Your task: Write out exactly the lines from the one containing "Black, variant on" through the last line of the records below, both included, and leave out any pictures.

Caption-style text data:
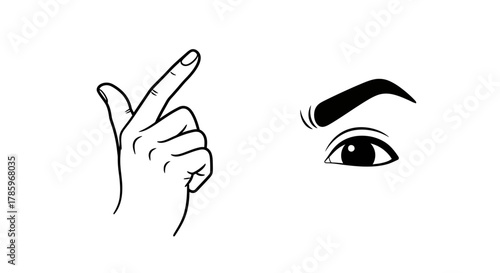 Hand Gesture and Eye Expression.
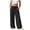 Black, variant on larppty Wide Leg Linen Pants for Women Trendy Drawstring Waist Flowy Lounge Pant Loose Fit Dressy Palazzo Trousers with Pockets(White, XXXL)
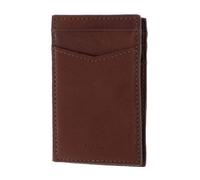 FOSSIL Étui pour carte de crédit marron en cuir pour femme et homme - Phone CC With Snap Congnac 95974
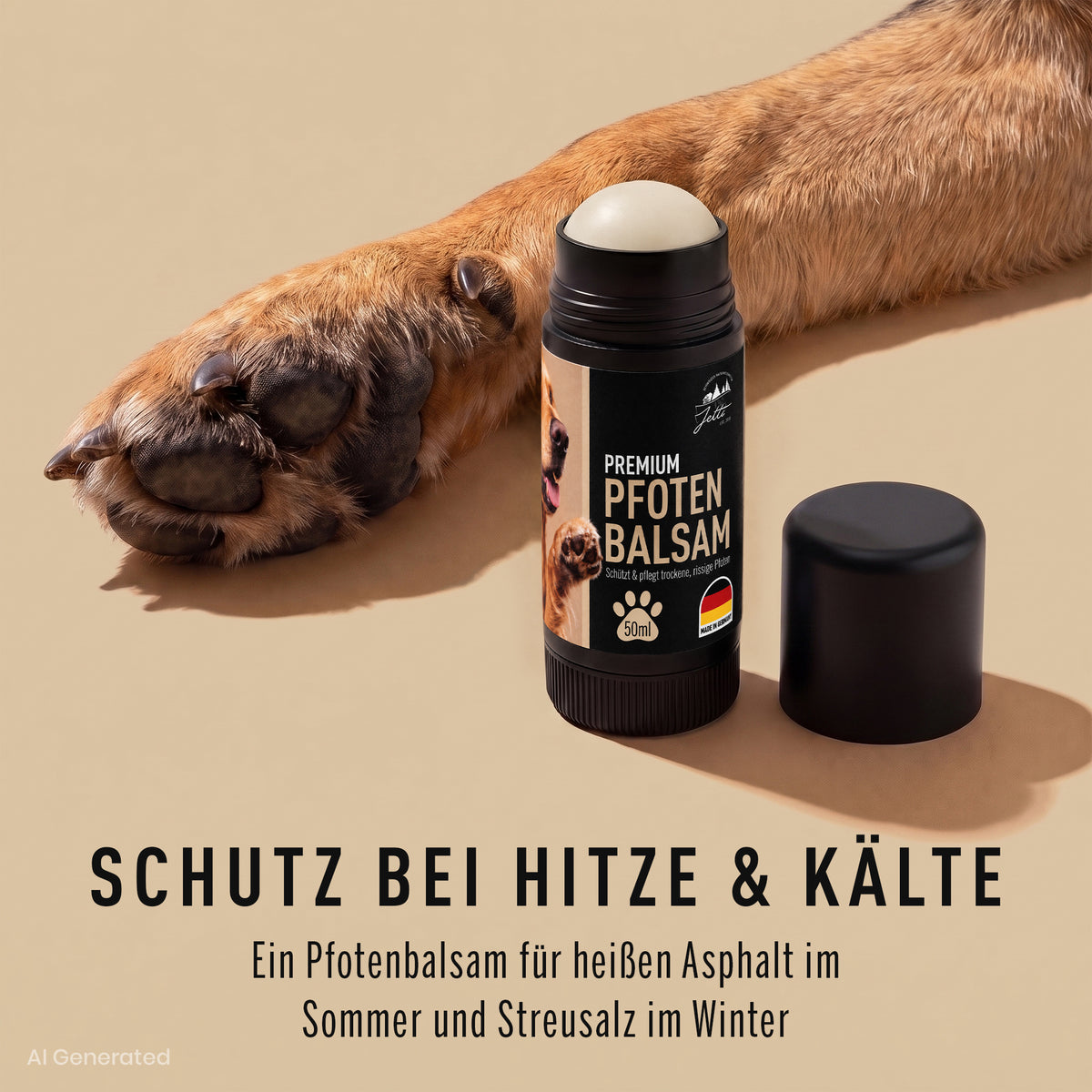 Jotti Pfotenbalsam mit Bienenwachs und Propolis für Hund und Katze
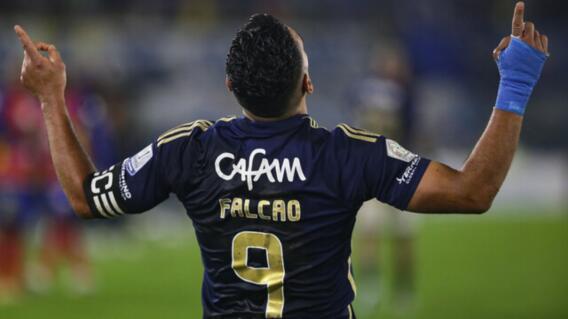 Falcao García, delantero y figura de Millonarios. Falcao García, delantero y figura de Millonarios.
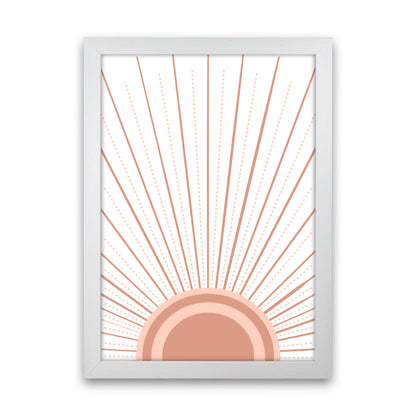 Boho Sunrise Art Print by Essentially Nomadic White Grain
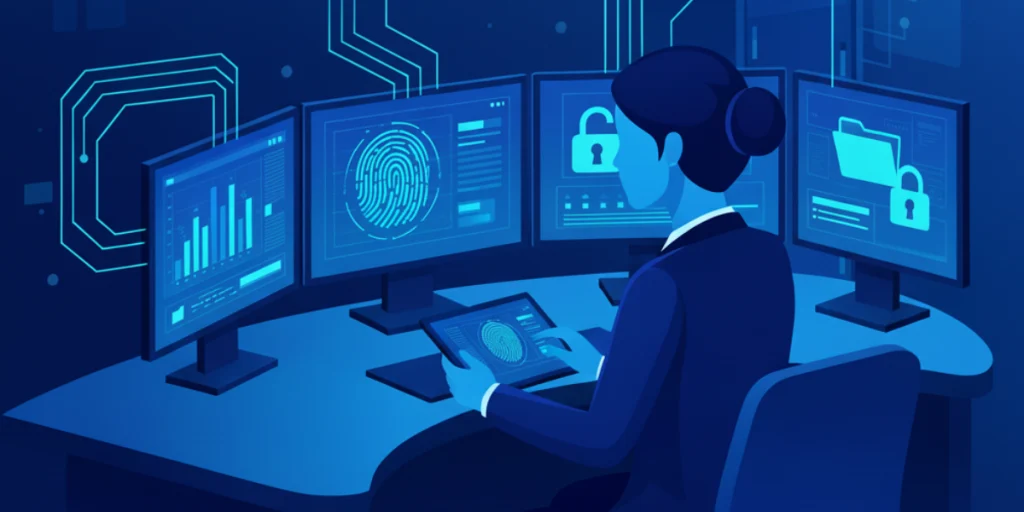 Servicio de perito informático forense de Dolbuck, especializado en el análisis de evidencias digitales y elaboración de informes periciales para proteger a empresas ante conflictos legales o ciberataques.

Output of the task:
 Black, variant on larppty Wide Leg Linen Pants for Women Trendy Drawstring Waist Flowy Lounge Pant Loose Fit Dressy Palazzo Trousers with Pockets(White, XXXL)
 FOSSIL Étui pour carte de crédit marron en cuir pour femme et homme - Phone CC With Snap Congnac 95974
 Jotti Pfotenbalsam mit Bienenwachs und Propolis für Hund und Katze
 Falcao García, delantero y figura de Millonarios. Falcao García, delantero y figura de Millonarios.
 Boho Sunrise Art Print by Essentially Nomadic White Grain
 Servicio de perito informático forense de Dolbuck, especializado en el análisis de evidencias digitales y elaboración de informes periciales para proteger a empresas ante conflictos legales o ciberataques.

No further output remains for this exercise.